Martedì, ore 17.35 arriva una chiamata al telefonino. “Domani vieni a fare lo spot di Leone?”. “Non mi ci vedo ma se serve, vengo”. “Sì Serve”. “Ok vengo”. I ripensamenti sono tanti sino all’ultimo secondo, “chiamo e disdico tutto”. Invece, mercoledì’ mattina alle 5.30 ci ritroviamo in 5 in via Duca degli Abruzzi a San Salvo per partecipare allo spot.
Il tempo di un caffè e ci avviamo per raggiungere la vicina Vasto. Arriviamo in una stanza del Palazzo D’Avalos adibita a camerino. Sono già tutti al lavoro, parrucchiere, costumista, truccatrice, e via di seguito. Alcuni sono già vestiti con l’abito di scena (il pigiama e per alcuni anche la vestaglia) e attendono, in fila il proprio turno per passare dalla truccatrice e dal parrucchiere.
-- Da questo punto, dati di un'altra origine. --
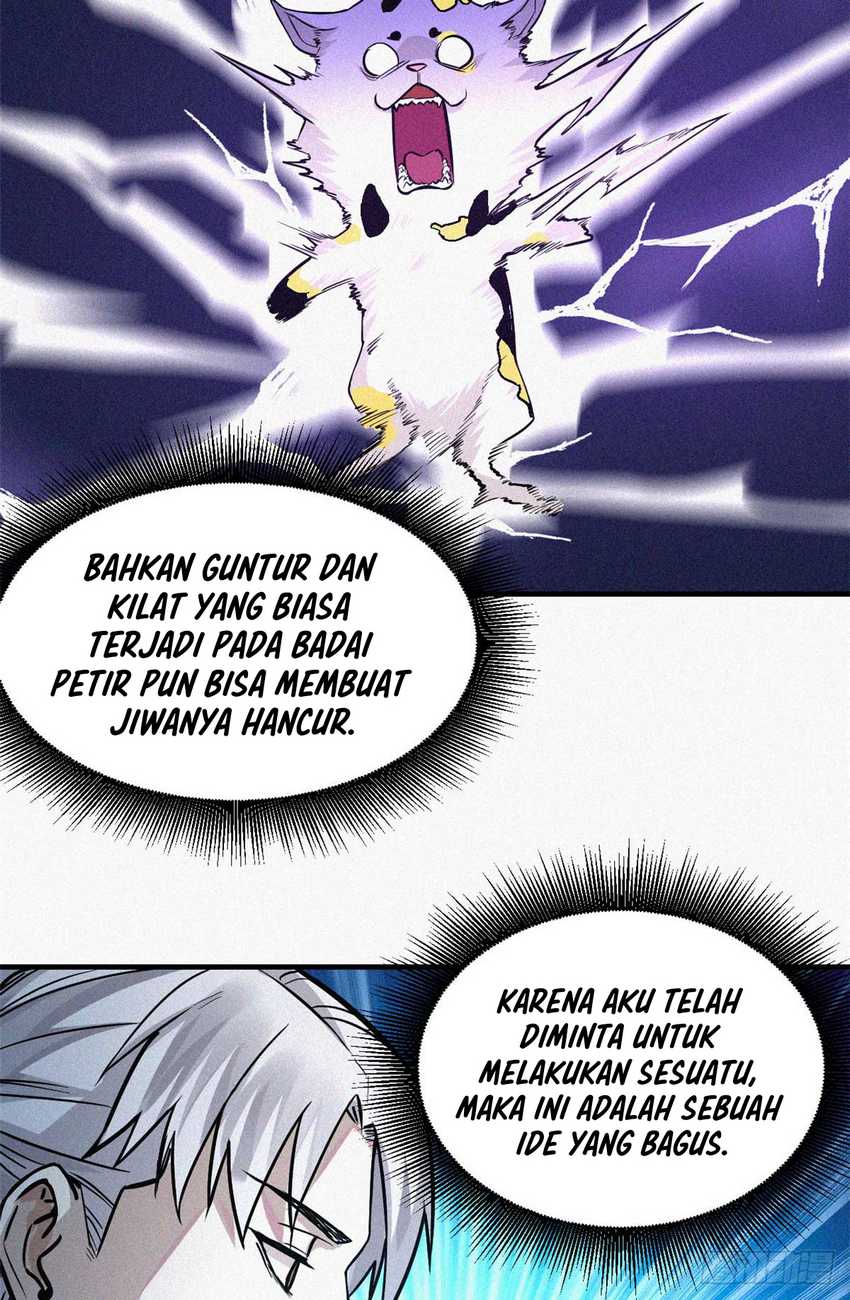 A Demonic Heart Chapter 12 Gambar 30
Tra le altre comparse ci sono amiche e vecchie conoscenze. Le classiche domande “e tu che ci fai qui?”. “Ah! Sapessi!... “. Il costumista ci osservava, se ci eravamo portati un pigiama da casa cercava di immaginarci con quel pigiama se gli sembrava ok lo indossavamo altrimenti ce ne procurava un altro.
Quando eravamo tutti pronti con pantofole e pigiami, struccati con giusto un filo di fard, e “spettinati ad hoc”, Francesca, una dello staff della produzione, ci conduce in piazza Diomede dove è già pronta una sorta di gru per le riprese dall’alto e stanno attrezzando delle tavolate per la colazione all’aperto. Tovaglie bianche che esaltavano i colori dei cesti di frutta, vasi di fiori e stoviglie.
Francesca è colei a cui dobbiamo rivolgerci per qualsiasi dubbio e necessità. Uno dello staff ci avvisa”adesso faremo delle cose molto noiose”. Cominciano a girare le prime scene. Ognuno portava in mano una tazza da latte, o un cesto di frutta, o una caffettiera, o una brocca di latte, o un vaso di fiori o una sedia e chiacchierando allegramente dovevamo incamminarci con passo spedito verso le tavolate. La scena l’abbiamo ripetuto più volte e in più angolazioni: talora restando fermi fino a un metro e mezzo dalla tavola, altre volte sedendoci e passandoci zucchero, frutta, succhi, biscotti e quant’ altro.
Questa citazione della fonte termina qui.